生徒とはいえ、いや生徒であるからこそ余計に、恋情、嫉妬、マゾヒズムを抱か
せる当の本人と二人きりの部屋で、しかもその相手に、じっと見つめられて、田
山の言葉はかすれていた。
 「みどり君……。」

 そんな田山の気持ちなどみどりにはまったく関係がなかった。まるで踏みにじ
るかのように、みどりは何気なく言った。
 「家出のドリッピーよっ。」
 その答えを聞いた瞬間、田山の心は凍りついた。

 それは、究極の味を求めるグルメが、たまたま訪問した知り合いの家庭で、今
まで出くわしたことがないようなすばらしい料理をごちそうになる。
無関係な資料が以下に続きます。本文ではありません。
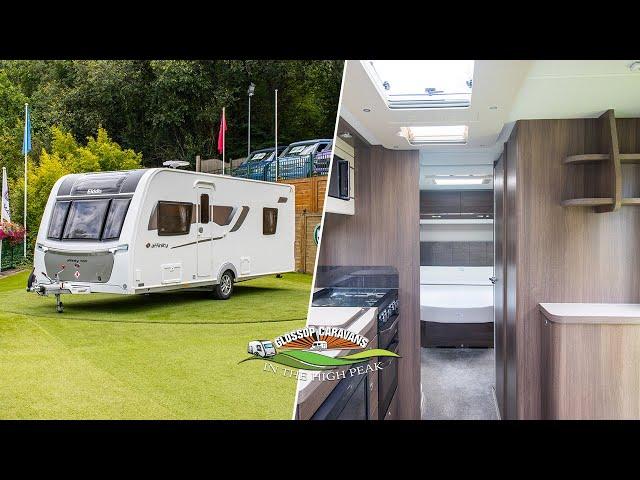 Elddis Affinity 550 2023 Caravan Model - 360 Exterior Demonstration Video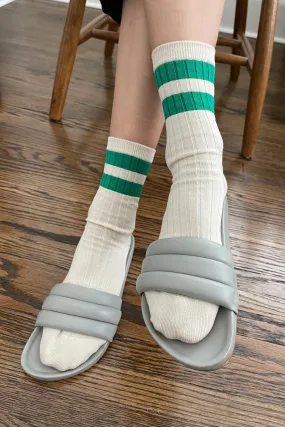 Her Socks - Varsity Green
あまりの旨
さに、その味の秘訣を尋ねたときに、なんと、インスタントそのままなのだとあ
っさりと答えられたようなものである。
 何たる裏切り! なんたる馬鹿馬鹿しさ! なんたる安易さ! 今まで歯牙に
もかけなかった通信教材がかくも威力を発揮するとは! いったい、今までの思
いいれ、あこがれ、苦悩は何だったのか……。

 次の瞬間、真っ赤な顔をした田山は狂乱のあまり、みどりに躍りかかっていた。
 驚き、声も出ないみどり。
 「き、き、き、君は、そこまで僕を愚弄するのかぁっ……!」
 と叫びながらみどりのか細い喉元を、田山は両手で絞めつけてしまったのであ
る。田山が気付いたときには、ぐったりとしたみどりがの身体がそこにあった。

 そんなあらすじだった。
 吾輩はこの作品に自信を持っていた。これを打ち終え、ネットにアップしたと
きの気持ちは今でも覚えている。久しぶりに味わう充実感であった。
 しかし、ネットの評価はまっぷたつであった。「下らない」というのが、大半
であった。おもしろいという前向きの評価のつもりか、感想RESに「がははは
はは」と笑い声をそのまま文字に写した奴がいた。しかも、他に言葉はないので
ある。ここは小説のNETのはずだ……。RESが擬声語だけってことはあるま
い。吾輩はいらいらした。こんな未熟な奴等に……。また、「家出のドリッピー」
とは何か知らないという、頭の古い同人がいたのには閉口した。
 また、好評だったのはミステリー畑の同人であった。動機がおもしろいという
のである。なるほど、この人達が自分の作品の着眼点を、最も正しく評価してく
れたと言えるだろう。しかし、惜しむらくは、吾輩はこの作品をミステリーなど
と思ったことは一度もなかったのである。だいたいが「殺人事件」とタイトルが
つけばミステリーだと考える単細胞が多すぎるのである。

 どちらの評価も吾輩には不本意であった。
 そしてその日から、吾輩は畳の上でゴロゴロとしだしたのである。